First is the potential for allowing one to become too comforted in the belief that a commodity-marketing machine can, and will, give us what we need; as in the kinds of things to make informed choices as to what is important for our collective effort to be attentive to, as well as how we go about achieving it. And secondly that satire, in and of itself, has no down side we need to worry about.
The problem with the success of presentations like the four we've listed is that, just because they make money now for a certain set of owners doesn't mean that truth will always hold forth; especially if the consequences of whatever truth revealed becomes too costly for other process owners. And let us also not forget that there can be value for those who might wish to have a solid hand in how truth gets defined to throw a few nuggets out from time to time, just to keep the rubes interested.
That last part in the paragraph above also plays into the second aspect of why satire can survive, despite making fun of those in power. And that is precisely because keeping us laughing, and sort of in on the joke, is pure gold when it comes to distracting and deflecting the cognitive dissidence that rises to an emotional imperative to action. Which is now, of course, the quite important secondary purpose of entertainment, and whatever other quick fix a commodity can provide.
What we're talking about here is the potential for the long con. The big picture ruse that gives the rubes a taste of actually having a say in things so that nothing of a fundamental sort ever changes; even as whatever little changes might be granted from time to time get brought back to their proper place, while something else is provided to distract and entertain.
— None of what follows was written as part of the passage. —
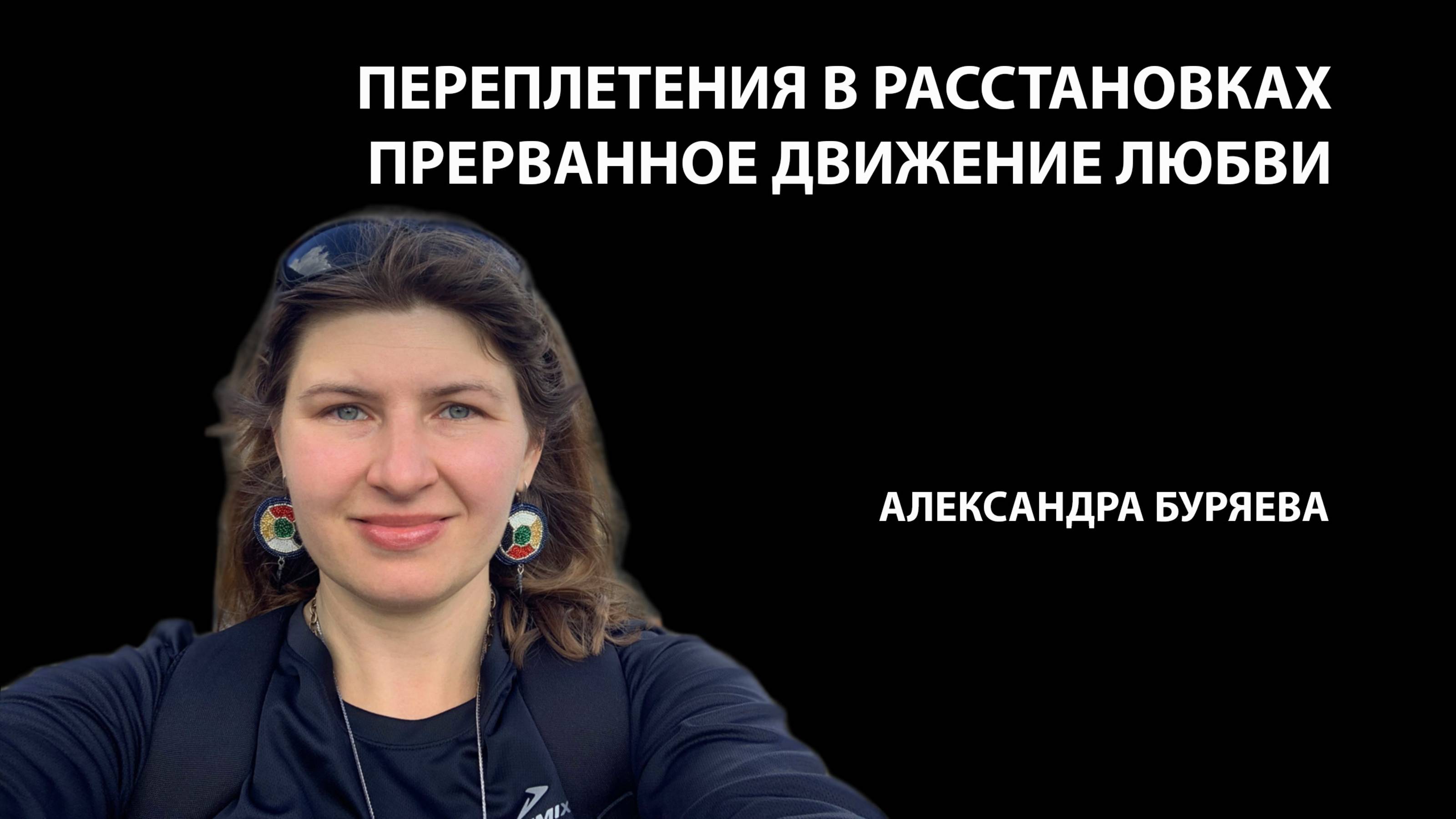 Прерванное движение любви: почему мы закрываемся от близости?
And the most fundamental issue you are not likely to hear ridiculed is the assumption that we can only be organized by a factory, production, and consumptive mode of living. That it is only natural that a few can accumulate inordinate translative power simply because we have agreed that money is real. But just as human skill can no longer compete as a commodity, we also do not require money as a universal skill translator anymore. This is so precisely because applied information, and the electrified networks that store and move it about, has changed everything. And unless we can find a way to stop being distracted in so many ways, so as to see that fundamental change, and then to take the very specific, and quite difficult, actions required to address it, we will not survive as a species. And I can assure you that is something that you really don't want to be making fun of.